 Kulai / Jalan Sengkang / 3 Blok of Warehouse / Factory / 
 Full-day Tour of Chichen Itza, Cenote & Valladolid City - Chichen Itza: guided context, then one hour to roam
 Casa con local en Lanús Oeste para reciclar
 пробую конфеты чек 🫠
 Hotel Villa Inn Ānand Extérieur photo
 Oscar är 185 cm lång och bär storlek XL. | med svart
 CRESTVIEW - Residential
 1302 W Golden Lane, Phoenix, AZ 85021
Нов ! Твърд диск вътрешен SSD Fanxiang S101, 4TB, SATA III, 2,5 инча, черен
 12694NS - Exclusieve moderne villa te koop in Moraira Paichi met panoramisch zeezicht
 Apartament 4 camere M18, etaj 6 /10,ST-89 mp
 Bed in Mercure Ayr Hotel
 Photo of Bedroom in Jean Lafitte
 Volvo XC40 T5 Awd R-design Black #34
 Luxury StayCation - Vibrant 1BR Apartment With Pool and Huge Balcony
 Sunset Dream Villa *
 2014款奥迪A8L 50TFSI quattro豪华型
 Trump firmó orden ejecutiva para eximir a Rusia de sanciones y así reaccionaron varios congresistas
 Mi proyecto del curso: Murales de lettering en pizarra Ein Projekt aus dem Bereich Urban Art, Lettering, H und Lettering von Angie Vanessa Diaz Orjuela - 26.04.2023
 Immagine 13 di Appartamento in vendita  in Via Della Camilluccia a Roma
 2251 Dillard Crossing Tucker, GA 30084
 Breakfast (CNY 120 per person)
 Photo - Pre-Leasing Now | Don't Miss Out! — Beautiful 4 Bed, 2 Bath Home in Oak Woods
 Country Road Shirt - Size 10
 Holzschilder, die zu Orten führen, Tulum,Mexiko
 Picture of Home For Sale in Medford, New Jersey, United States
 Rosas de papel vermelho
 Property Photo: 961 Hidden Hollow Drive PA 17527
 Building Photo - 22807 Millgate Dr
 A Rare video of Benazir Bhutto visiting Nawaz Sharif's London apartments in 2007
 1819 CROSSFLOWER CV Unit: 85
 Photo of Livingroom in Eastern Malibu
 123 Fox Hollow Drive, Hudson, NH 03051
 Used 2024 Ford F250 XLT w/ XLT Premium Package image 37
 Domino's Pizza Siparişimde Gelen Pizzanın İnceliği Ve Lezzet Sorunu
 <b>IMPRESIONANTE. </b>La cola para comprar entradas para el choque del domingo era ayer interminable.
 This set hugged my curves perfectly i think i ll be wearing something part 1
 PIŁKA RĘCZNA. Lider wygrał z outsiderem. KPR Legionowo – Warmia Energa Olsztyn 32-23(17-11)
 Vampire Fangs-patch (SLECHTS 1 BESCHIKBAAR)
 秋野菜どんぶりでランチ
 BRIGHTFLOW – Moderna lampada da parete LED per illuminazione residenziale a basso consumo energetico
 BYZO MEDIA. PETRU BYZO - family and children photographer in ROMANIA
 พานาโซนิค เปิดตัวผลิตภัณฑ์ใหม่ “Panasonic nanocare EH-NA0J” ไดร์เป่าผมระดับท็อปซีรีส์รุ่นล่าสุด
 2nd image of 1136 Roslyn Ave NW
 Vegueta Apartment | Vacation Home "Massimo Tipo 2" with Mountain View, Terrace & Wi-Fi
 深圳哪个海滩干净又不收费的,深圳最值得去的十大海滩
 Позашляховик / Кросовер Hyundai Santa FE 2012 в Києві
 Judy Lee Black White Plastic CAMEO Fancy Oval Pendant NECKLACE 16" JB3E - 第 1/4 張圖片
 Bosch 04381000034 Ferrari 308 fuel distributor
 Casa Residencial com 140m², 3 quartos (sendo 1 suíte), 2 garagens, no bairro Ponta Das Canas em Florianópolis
········
▸ **Task**: Look back at the entries above and repeat, unchanged, every line from the line holding "Full-day Tour of" through the line holding "Oscar är 185".

▸ **Task output**:
 Full-day Tour of Chichen Itza, Cenote & Valladolid City - Chichen Itza: guided context, then one hour to roam
 Casa con local en Lanús Oeste para reciclar
 пробую конфеты чек 🫠
 Hotel Villa Inn Ānand Extérieur photo
 Oscar är 185 cm lång och bär storlek XL. | med svart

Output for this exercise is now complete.